Now, more than eight decades later, Thanksgiving football has become a staple in Detroit with the Lions going 37-42-2 in the annual holiday classic. — Woodyard
Thirty-two years later, the Cowboys joined as a home team: The Cowboys first played on Thanksgiving in 1966, beating the Cleveland Browns 26-14 at the Cotton Bowl. General manager Tex Schramm wanted more national publicity for the Cowboys — this was before they were known as America’s Team — and thought the holiday game made perfect sense. The NFL was a bit worried, however, and guaranteed the Cowboys a certain amount of gate revenue. Some 80,259 fans showed up and a tradition was born. The Cowboys have played on every Thanksgiving Day since — except in 1975 and 1977.
Why didn’t the Cowboys play on Thanksgiving those two years? Prior to the 1975 season, then-commissioner Pete Rozelle wanted to see if the St. Louis Cardinals could build their popularity under coach Don Coryell, whose teams were nicknamed the Cardiac Kids because of their exciting finishes. So he scheduled them to host Thanksgiving games in 1975 and 1977. Unfortunately, the Cardinals lost both games decidedly, and Rozelle went back to Schramm to ask whether the Cowboys would take the Thanksgiving game back.
“It was a dud in St. Louis,” Schramm said in 1988 to the Chicago Tribune. “Pete asked if we’d take it back. I said only if we get it permanently. It’s something you have to build as a tradition. He said, ‘It’s yours forever.'” — Archer
Given how long the series has lasted, it’s not a surprise that the Lions have the most wins and losses on Thanksgiving Day. But two other teams that frequent the holiday tradition are the Bears and Packers.

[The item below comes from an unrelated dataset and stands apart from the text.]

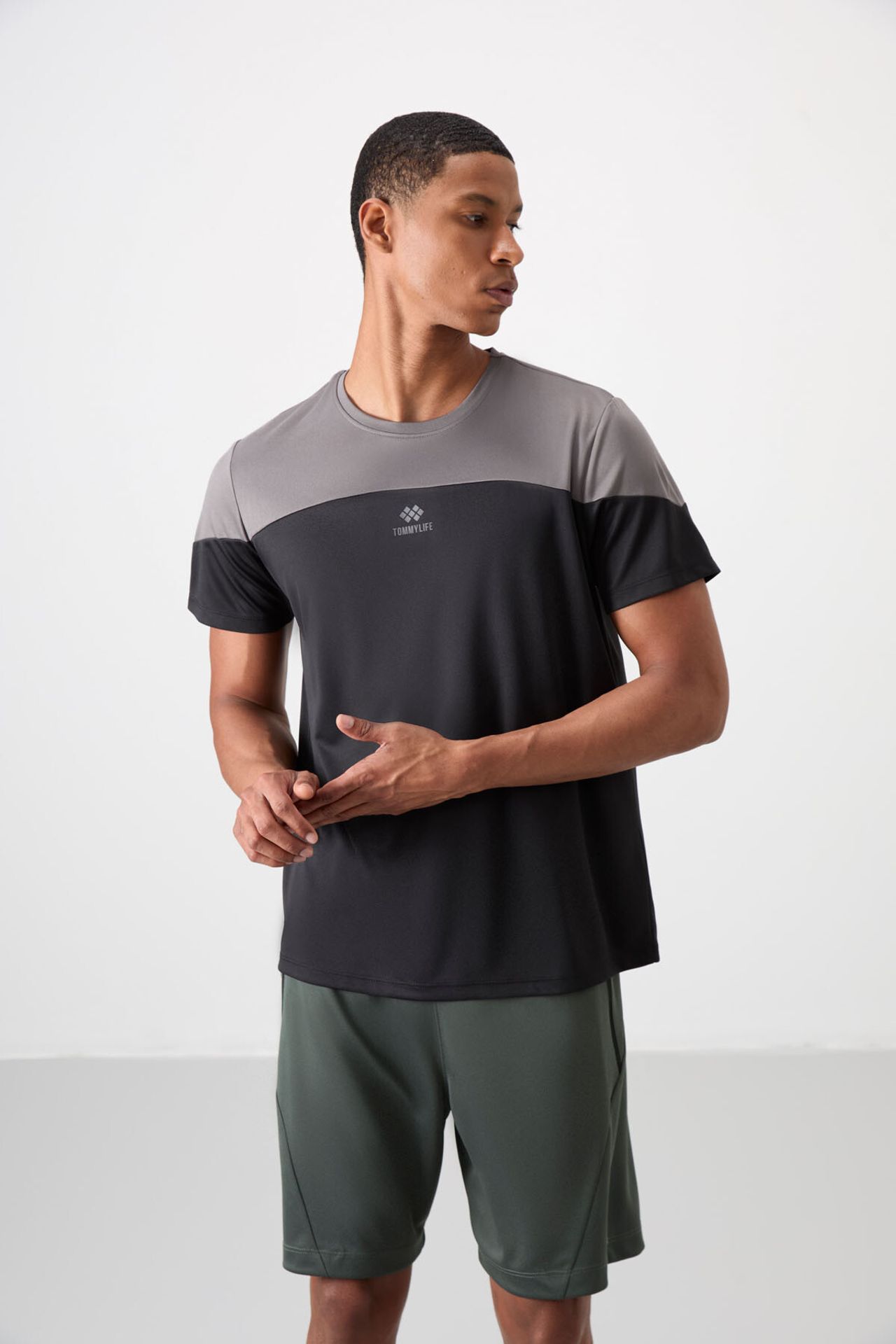 TOMMY Men's Colour-Blocked Crew Neck T-Shirt 1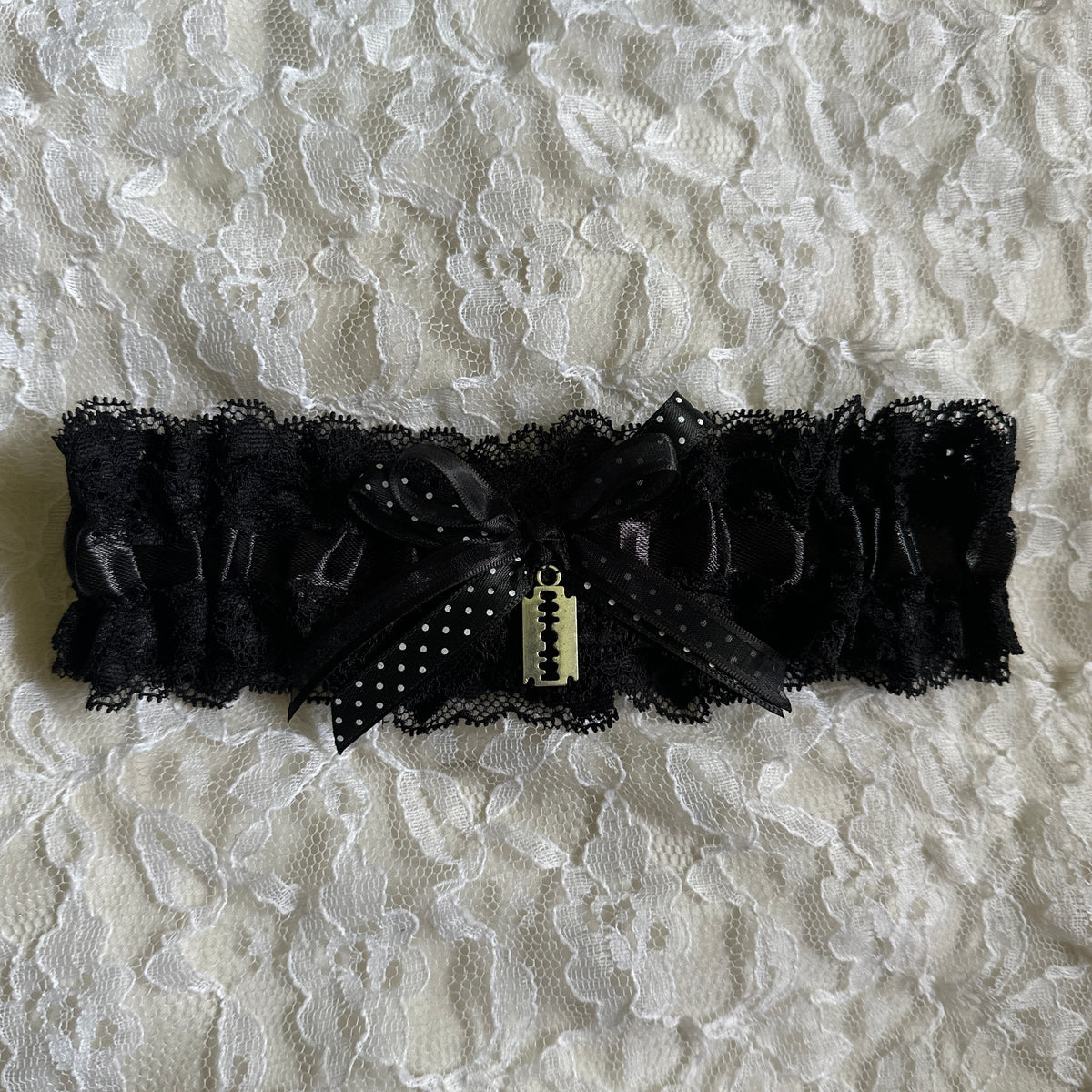razor blade garter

What’s it like to play on Thanksgiving?
Ezekiel Elliott has played on Thanksgiving every year but one since joining the Cowboys in 2016. He doesn’t have one favorite memory.
“My favorite thing about playing on Thanksgiving is we’re the only team playing at that time, all eyes on us,” Elliott said in 2021. “Everyone is watching. We’ve got the stage so we just have to go out and handle our business.”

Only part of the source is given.